In the Northern Irish elections, the Democratic Unionist Party lost its overall majority, finishing with just one seat more than Sinn Féin; Gerry Adams said the result was a re-assertion of his call for special designated status for Ireland post-BREXIT. AIB Bank in Ireland announced its first dividend since the 2008 crash, and was the subject of speculation of a return to the stock market next year. President Trump addressed Congress with a well-received policy speech but further turmoil followed when Attorney General Jeff Sessions was shown not to have disclosed meetings with Russia’s US ambassador during the election campaign. Below we capture the main stories in financial regulation over the last two weeks.

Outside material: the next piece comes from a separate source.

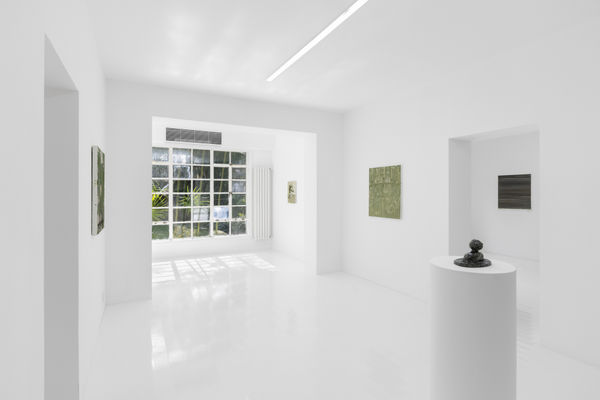 Capsule Rudycremonini Fourminutesaftersunset Installationview 12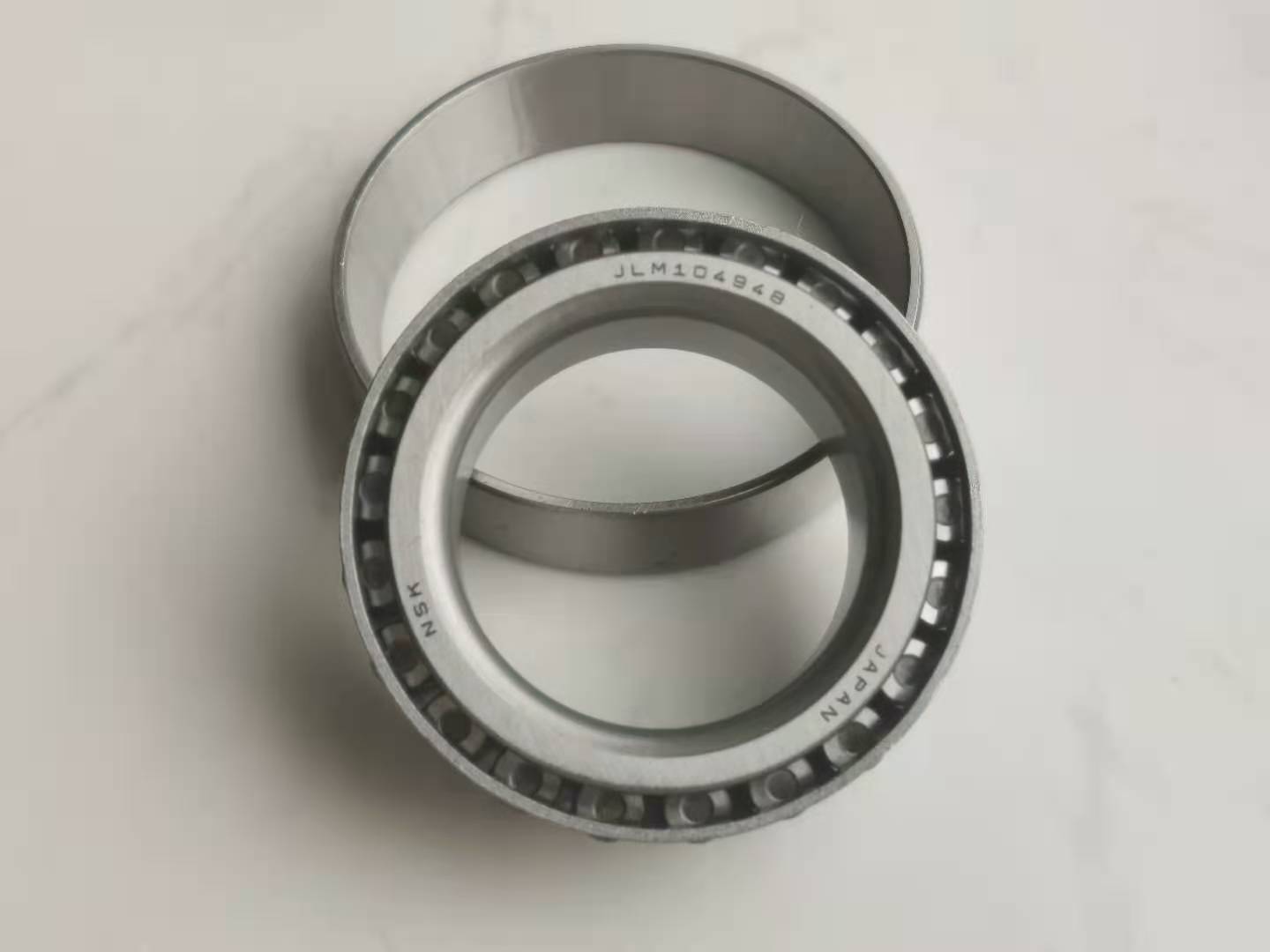 Подшипники сплющенного ролика OD82mm JLM104948 JLM104910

Dail Deputy Kevin Moran introduced the ‘Keeping People in their Homes Bill 2017’, which aims to introduce the principle of proportionality into the context of repossession proceedings and to amend the Land and Conveyancing Law Reform Act 2009. The Competition and Consumer Protection Commission published a public consultation on the future of the Irish mortgage market, which focuses on market structure, legislation and regulation. It is part of the work requested by the government under the Programme for Partnership Government. Responses are requested for 20th March 2017.
The Central Bank published data on the credit union sector for the period 2011 to 2016. The data showed that there had been an increase in credit union assets by €2bn to €16bn. The ability of credit unions to withstand stress was judged to have improved, with an average capital ratio of 16 per cent. Credit quality of loans had improved but there remained concern over variations seen across different unions.
The Central Bank published its Review of Motor Claims Handling, a thematic inspection of five insurance companies representing the majority of the Irish market. The inspection focused on the claims process, with respect to the requirements of the Consumer Protection Code 2012. The negative feedback included the time taken to handle claims, which ranged from 4 weeks to 16 weeks, and confusion over the claims assessors handling the claims. The Central Bank did conclude that the insurers were treating customers fairly when dealing with write-off valuations. Consumer research also showed that 74% of consumers questioned agreed that insurers had treated them fairly.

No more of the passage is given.